Ya el problema de la seguridad sobregiró por mucho los fondos de una policía quebrada. Matar delincuentes no es solución; convierte al cuerpo del orden en una banda de asesinos y multiplica por cinco la violencia que padecemos, por eso no es fortuito que de cada diez atracos haya seis uniformados involucrados. Creíamos que las cosas no se iban a deteriorar tan rápido, pero la historia no es estática y nunca obtendremos resultados distintos haciendo lo mismo. Llegó el momento para sobrecogernos, actuar o acostumbrarnos.

Me pregunto: ¿acaso había razones para esperar cambios? La Policía sigue siendo la misma “fuerza bruta” de hombres débiles. Gente menesterosa con un salario satírico y dos neuronas activas: una para obedecer y otra para halar el gatillo; lo demás es instinto. A veces nos olvidamos de que esa policía es el pueblo con uniforme. Al raso dominicano, analfabeta por definición, se le demanda un comportamiento escandinavo cuando a duras penas ha podido cruzar las breñas de los arrabales para aceptar por sobrevivencia un oficio socialmente desechado. Ese mismo policía, parido y criado en los sótanos de la delincuencia, es el que, por “deber”, la tiene que combatir sin excesos y con las garantías ciudadanas del primer mundo.

A la Policía hay que intervenirla y declararla en emergencia nacional, pero no esperemos milagros: la mejor seguridad del mundo no resuelve la delincuencia dominicana, porque es una torcida expresión de un problema social más profundo: la desigualdad, condición que se ha hecho tan abismal como irreversible. Existe una relación causal, directa y proporcional entre una cosa y la otra. Pena que aquí esa vaina no se entienda o no se quiera entender. De manera que la patología no es epidérmica sino neurológica. Sin embargo, esa circunstancia no debe declarar nuestra total impotencia para acometer las reformas estructurales que requiere el cuerpo del orden.

Otro fermento activo en la delincuencia social es la impunidad de cuello blanco. En sociedades domesticadas, la autoridad del liderazgo social y político es vinculante. Una historia trenzada por el autoritarismo impone siempre el temor a los grandes. Los llamados poderosos son intocables. Tenemos una Justicia sometida a ese aberrante ordenamiento de sujeción vertical. En la cultura dominante solo se considera delincuencia la de sangre y la Justicia opera para los excluidos. Los ricos no delinquen; los políticos tampoco. Mientras ese cuadro permanezca inalterable, lo demás serán sueños húmedos. Aquellos países que han controlado la delincuencia lo han hecho de arriba hacia abajo. El resultado ha sido impresionante. Los ejemplos están ahí: Islandia, Singapur e Irlanda, naciones que en distintos contextos y con problemas ancestrales de corrupción emprendieron reformas públicas audaces y procesos penales ejemplarizadores en contra de políticos, banqueros y empresarios, y hoy encabezan la lista de los más seguros.

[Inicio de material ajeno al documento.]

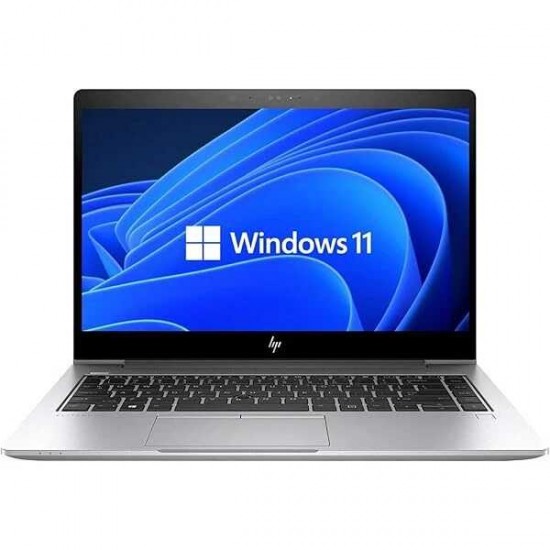 HP ELITEBOOK 756 G6 AMD RYZEN 5 PRO 3700U PROCESSOR - 16GB RAM - 256GB SOLID STATE HARD DRIVE - WIN 11 PRO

Un auto de no ha lugar, una exclusión de la acusación o un fallo a favor de un político corrupto potencia la criminalidad de la base social. Y no es que busquemos una expiación redentora; es que padres promiscuos no pueden castigar las orgías de sus hijos: ley infalible de autoridad moral. Quien no da ejemplo no puede esperar obediencia. Le temo más a una sociedad impune que violenta; una es causa y la otra consecuencia. Allí donde cualquier funcionario tenga la convicción de que robar fondos públicos es una digna gratificación existencial y que pedir cuentas es un chiste, se pierde todo el respeto al orden y el sentido de la legalidad. No esperen penitencias abajo mientras haya fiesta arriba. En una sociedad donde se les tema más a los bolsillos que a las instituciones, la ley la impone la fuerza. No podemos aspirar a una sociedad segura cuando sus líderes estén más seguros de la impunidad de sus desafueros. Pena que arriba no haya intercambios de disparos.